Segment Open
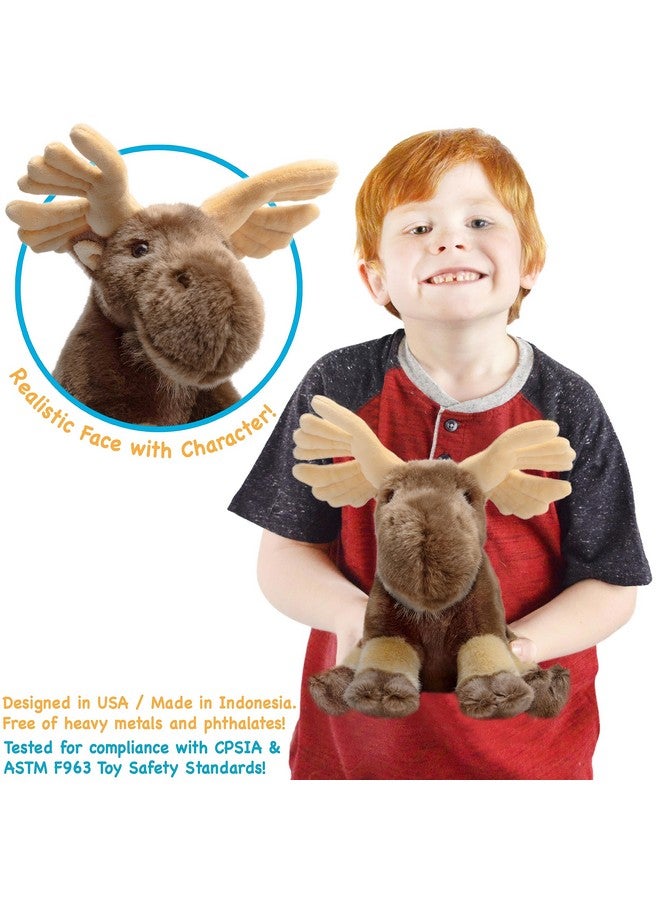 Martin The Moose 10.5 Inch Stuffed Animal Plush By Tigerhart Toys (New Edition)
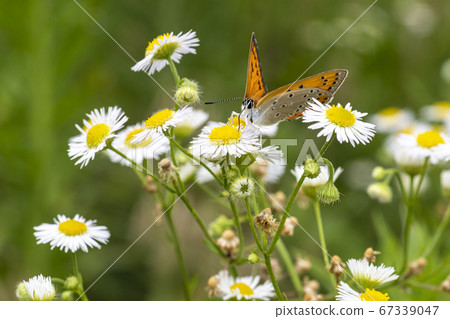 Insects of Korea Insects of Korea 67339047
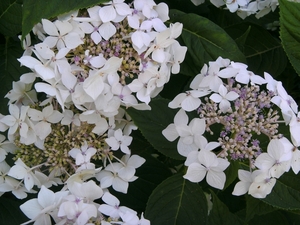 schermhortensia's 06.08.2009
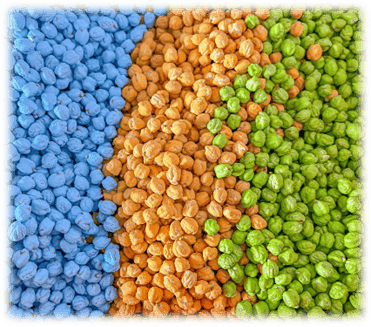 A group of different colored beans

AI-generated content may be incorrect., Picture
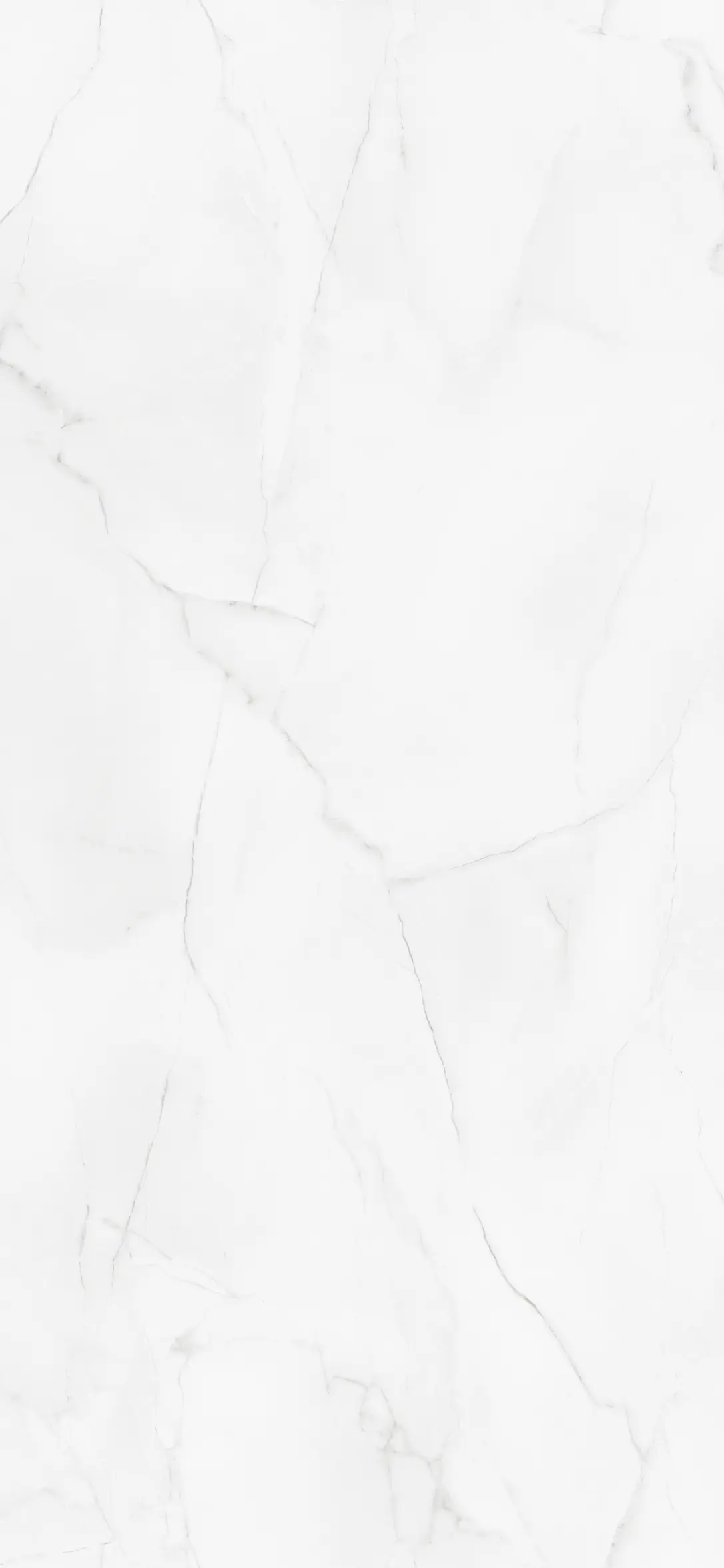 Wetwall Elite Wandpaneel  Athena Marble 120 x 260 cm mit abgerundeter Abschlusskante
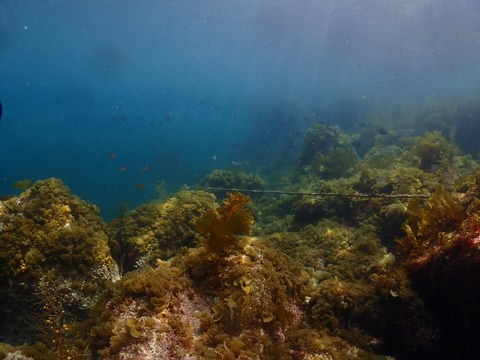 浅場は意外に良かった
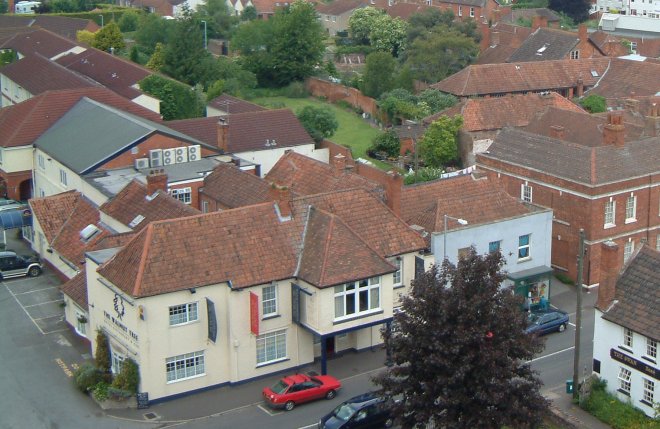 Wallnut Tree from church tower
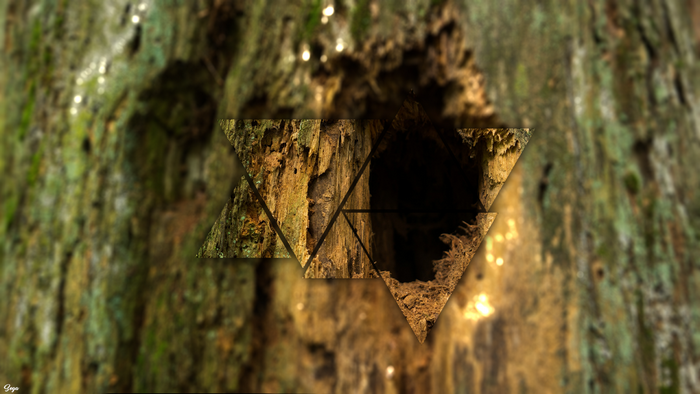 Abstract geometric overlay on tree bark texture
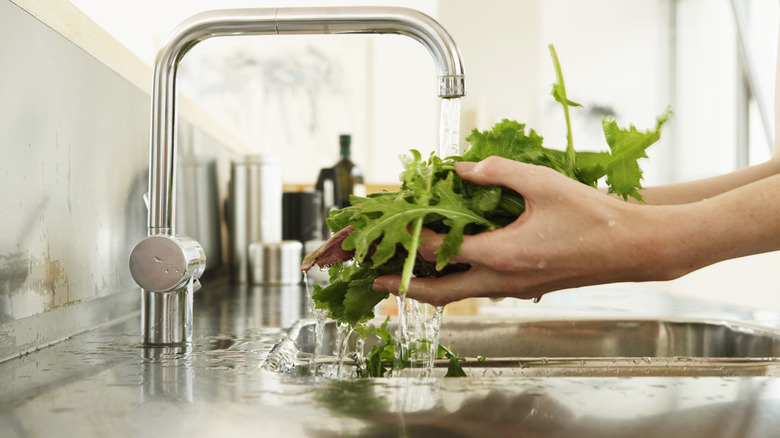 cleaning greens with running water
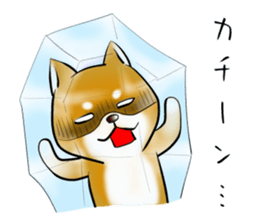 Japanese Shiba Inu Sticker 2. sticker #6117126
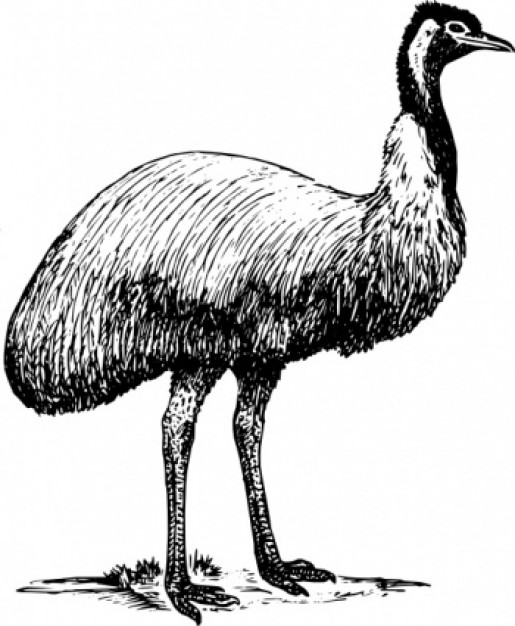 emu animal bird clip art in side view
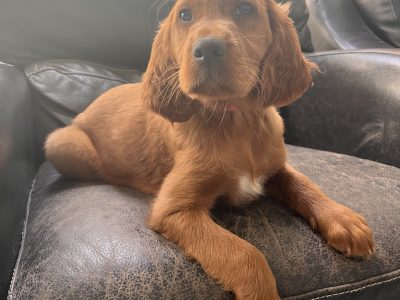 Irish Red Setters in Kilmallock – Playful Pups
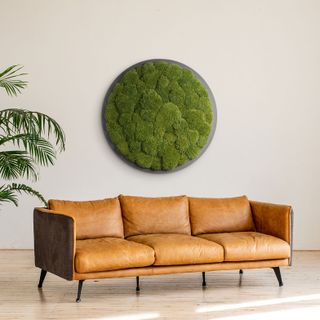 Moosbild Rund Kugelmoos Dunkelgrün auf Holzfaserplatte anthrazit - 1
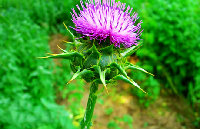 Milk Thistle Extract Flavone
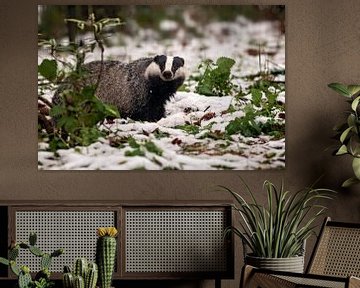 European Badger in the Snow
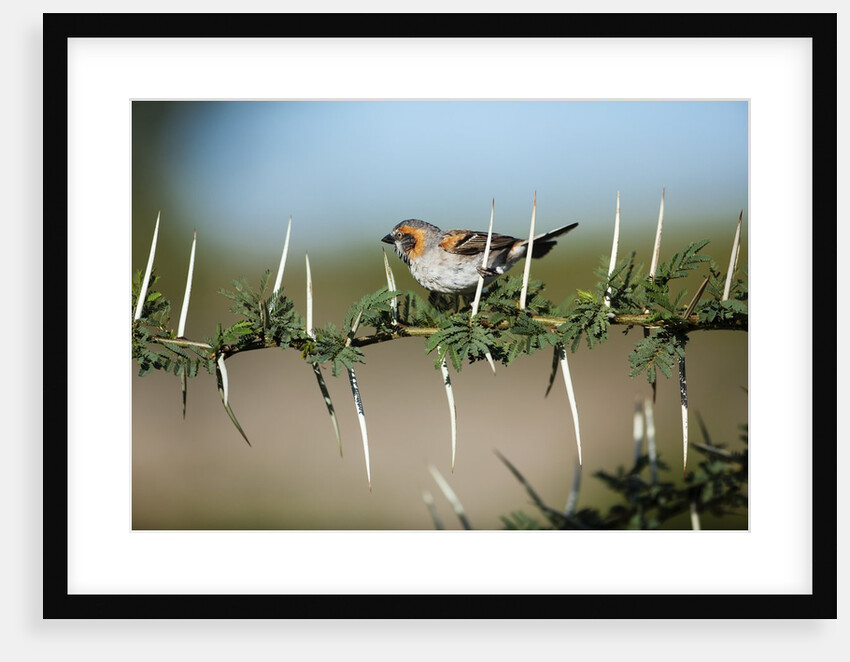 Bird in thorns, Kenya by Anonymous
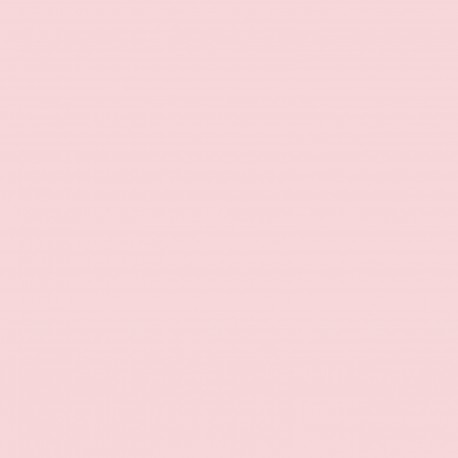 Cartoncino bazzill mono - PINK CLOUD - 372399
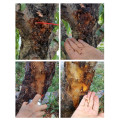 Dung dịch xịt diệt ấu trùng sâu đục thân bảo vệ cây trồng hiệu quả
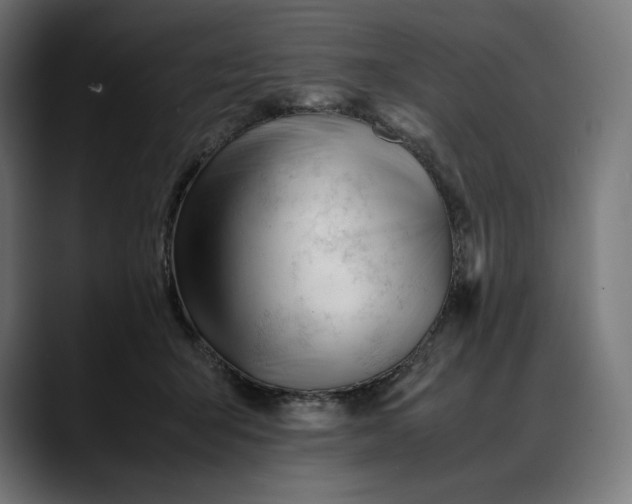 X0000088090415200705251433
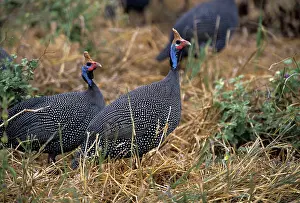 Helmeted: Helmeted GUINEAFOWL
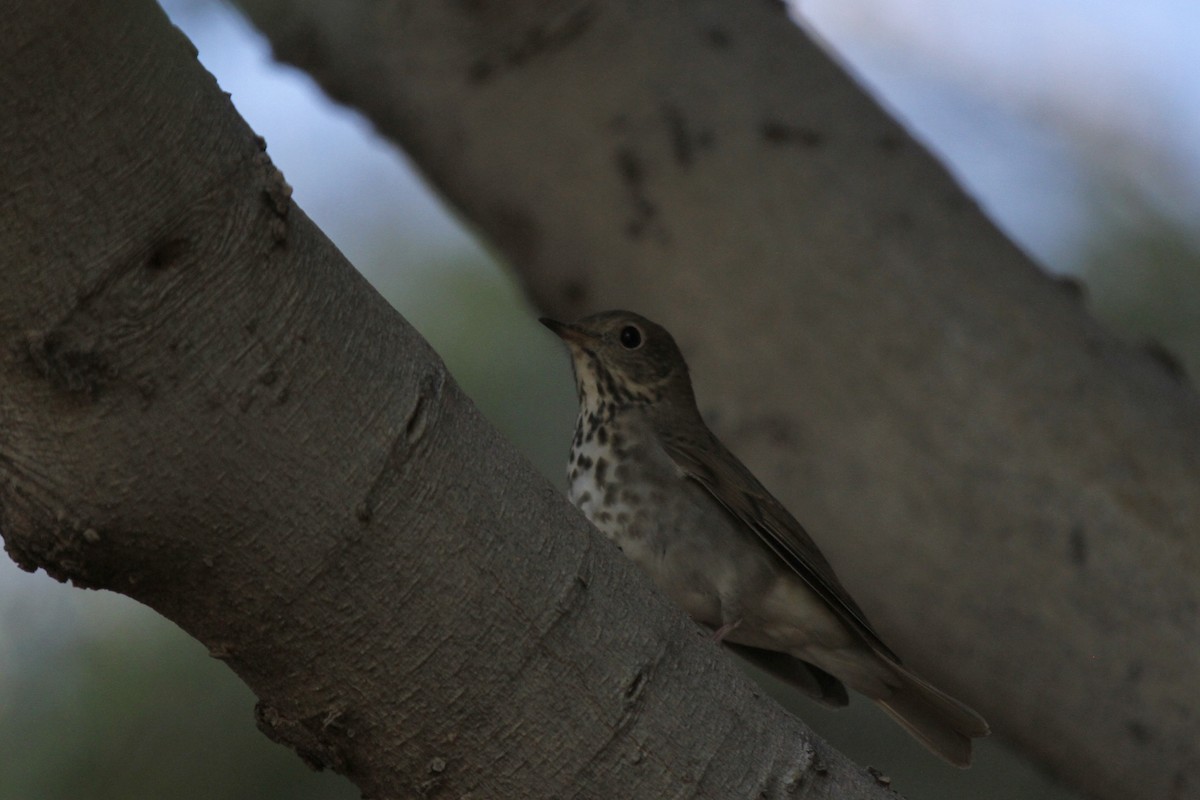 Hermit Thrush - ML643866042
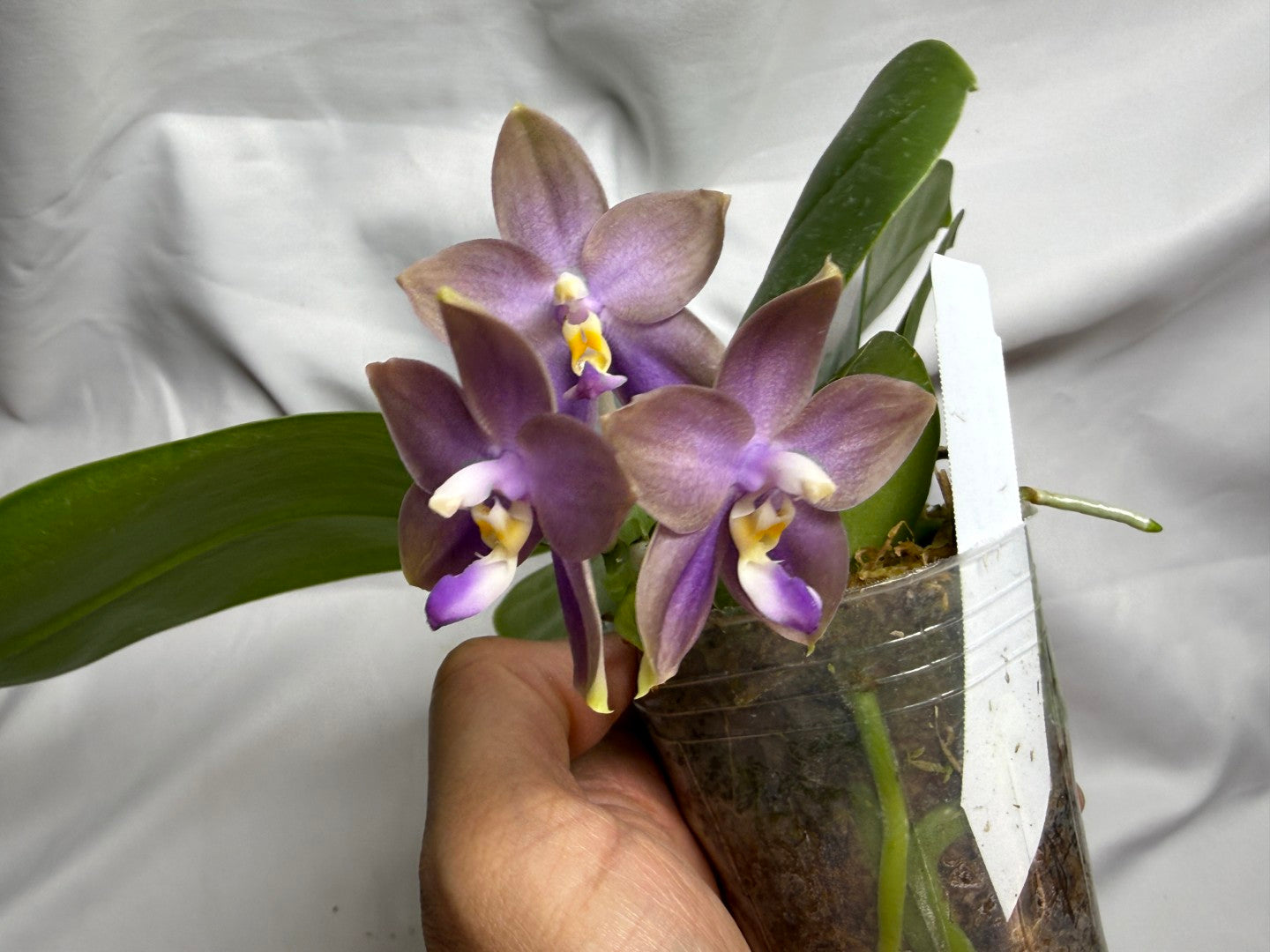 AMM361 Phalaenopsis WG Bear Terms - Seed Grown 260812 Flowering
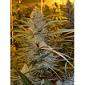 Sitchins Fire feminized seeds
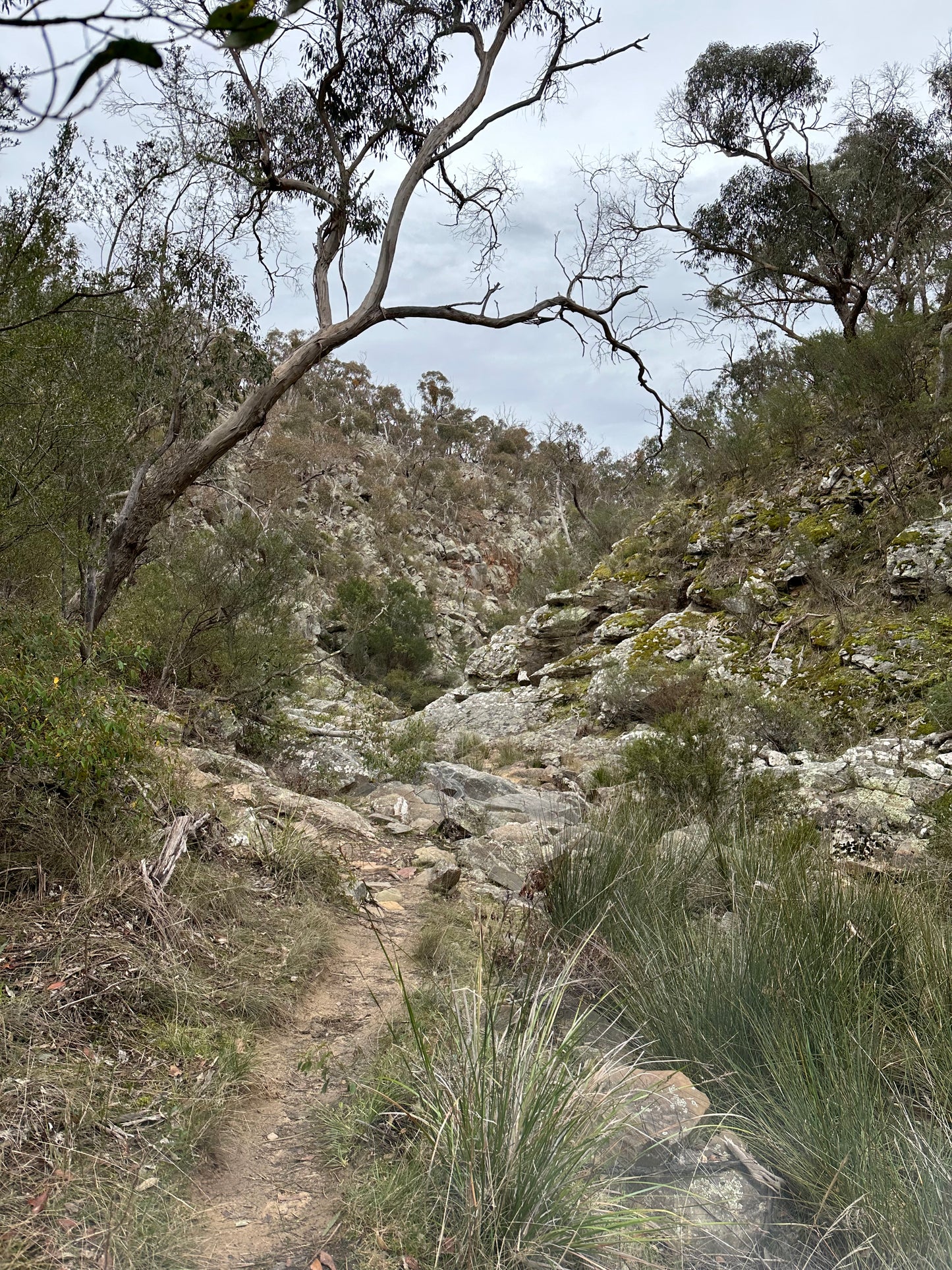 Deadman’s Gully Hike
Segment Closed
Word for word, give the data above again, without any images.

* [ANSWER TO THIS TASK]:
 Martin The Moose 10.5 Inch Stuffed Animal Plush By Tigerhart Toys (New Edition)
 Insects of Korea Insects of Korea 67339047
 schermhortensia's 06.08.2009
 A group of different colored beans

AI-generated content may be incorrect., Picture
 Wetwall Elite Wandpaneel  Athena Marble 120 x 260 cm mit abgerundeter Abschlusskante
 浅場は意外に良かった
 Wallnut Tree from church tower
 Abstract geometric overlay on tree bark texture
 cleaning greens with running water
 Japanese Shiba Inu Sticker 2. sticker #6117126
 emu animal bird clip art in side view
 Irish Red Setters in Kilmallock – Playful Pups
 Moosbild Rund Kugelmoos Dunkelgrün auf Holzfaserplatte anthrazit - 1
 Milk Thistle Extract Flavone
 European Badger in the Snow
 Bird in thorns, Kenya by Anonymous
 Cartoncino bazzill mono - PINK CLOUD - 372399
 Dung dịch xịt diệt ấu trùng sâu đục thân bảo vệ cây trồng hiệu quả
 X0000088090415200705251433
 Helmeted: Helmeted GUINEAFOWL
 Hermit Thrush - ML643866042
 AMM361 Phalaenopsis WG Bear Terms - Seed Grown 260812 Flowering
 Sitchins Fire feminized seeds
 Deadman’s Gully Hike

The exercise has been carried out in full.